Opinions vary wildly about how easy it is to be vegan in South -Korea. Korean cuisine is often meat-based. Having a meal with colleagues or friends might turn out to be a problem when your company is not aware that you are vegan.
In general, Korean restaurants might offer some, but not a huge variety of vegan foods since they tend to specialize in certain types of dishes making it hard to find suitable vegan options. So, if you are looking to eat vegan in a local mainstream restaurant, make sure to choose carefully a restaurant where some vegan options will be available. Best to inform your friends or colleagues about your dietary requirements in advance. Koreans respect the food preferences of foreigners and like to make sure they can eat the food offered. So express your needs both for you and for them so they don’t feel that they have disappointed you.

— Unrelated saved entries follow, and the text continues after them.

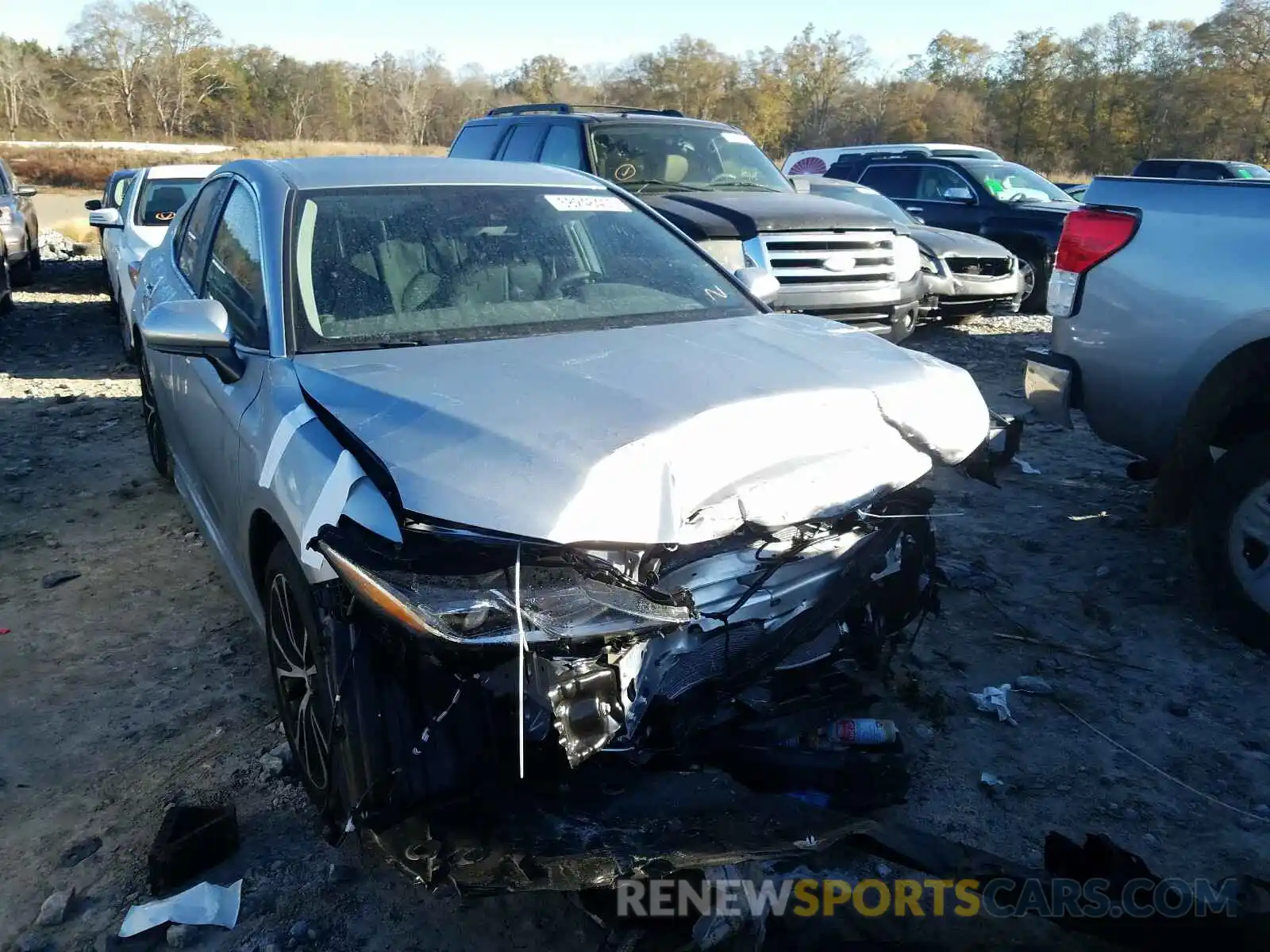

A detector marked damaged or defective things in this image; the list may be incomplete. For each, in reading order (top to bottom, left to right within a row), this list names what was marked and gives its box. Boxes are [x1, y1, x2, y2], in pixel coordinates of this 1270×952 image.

crumpled hood [645, 191, 894, 242]
crumpled hood [914, 227, 1010, 261]
crumpled hood [297, 313, 991, 548]
silver damaged sedan [137, 156, 991, 893]
damaged headlight [318, 543, 695, 650]
crushed front end of car [305, 485, 945, 893]
broken plastic piece [965, 680, 1016, 726]
broken plastic piece [147, 802, 238, 898]
broken plastic piece [118, 878, 240, 939]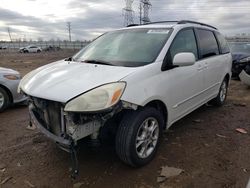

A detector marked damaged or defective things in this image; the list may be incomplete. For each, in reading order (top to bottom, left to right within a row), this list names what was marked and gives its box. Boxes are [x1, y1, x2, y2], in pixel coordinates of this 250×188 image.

dented hood [19, 60, 137, 103]
broken headlight [64, 82, 126, 111]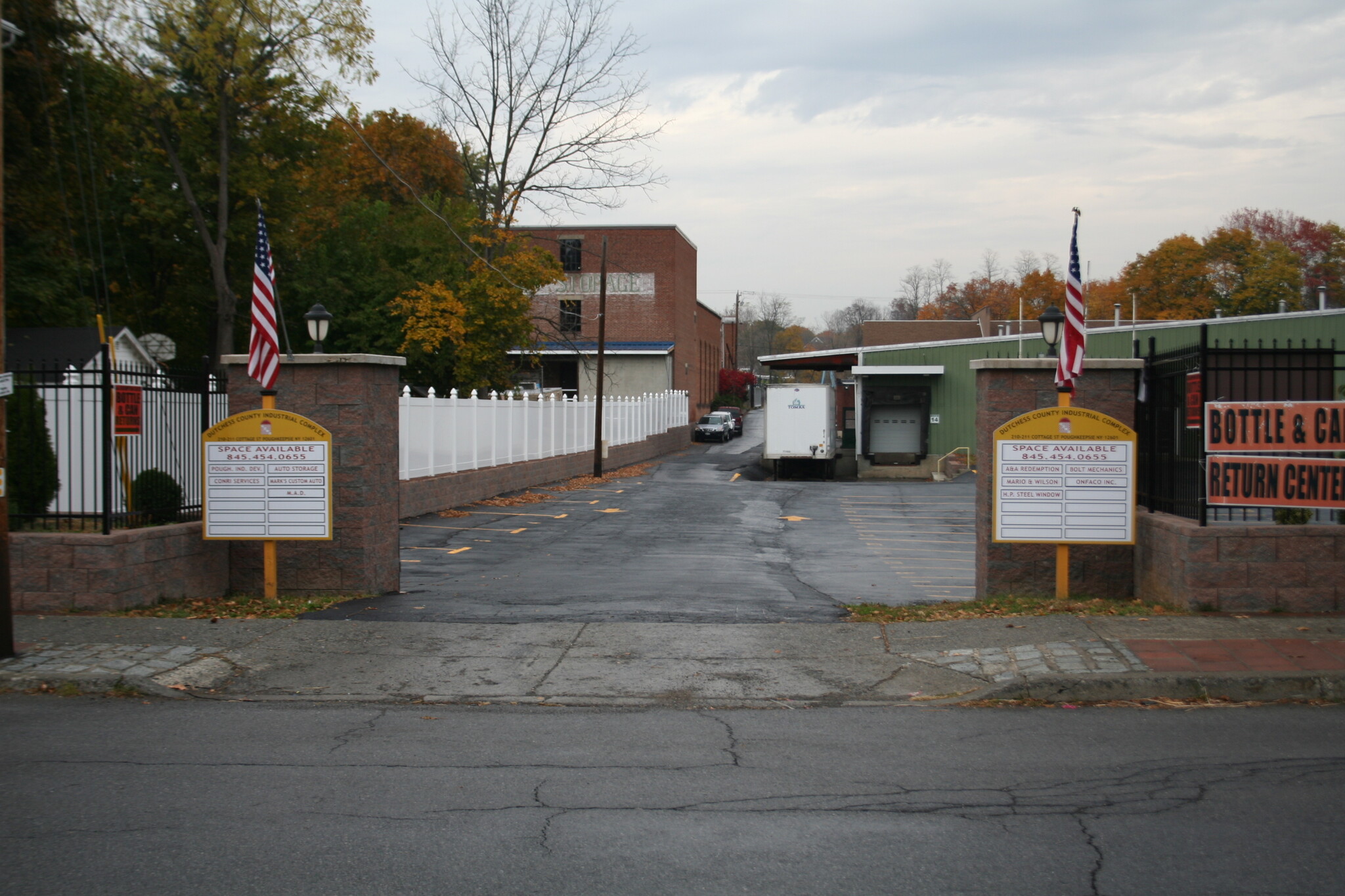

Assume that all soups, even vegetarian-labeled ones use meat in their broths. Kimchi, the national pickle dish will have fish sauce in it and that noodle dishes might be strewn with meat flakes or seafood. Even tofu dishes can be served with meat or fish. Surprise!
How to avoid it? Choose rice and cooked vegetables and pile up on the side dishes like the root salads, pickled cucumber, steamed greens in sesame sauce and other delicacies called banchan (the mezze-like side salads of Korea). Asking your waiter may be tricky since not many Koreans over 40 will speak English. Use our VEGAN WORDS page to make sure you are understood.
As in many other countries in Asia, the Buddhist temples’ food is vegan and exquisite. This is where you want to go to experience real Korean vegan food, as opposed to the fusion cuisine you can find in larger cities’ vegan restaurants. Eateries in the neighborhood of a temple are often vegan to suit the disciples visiting the temples.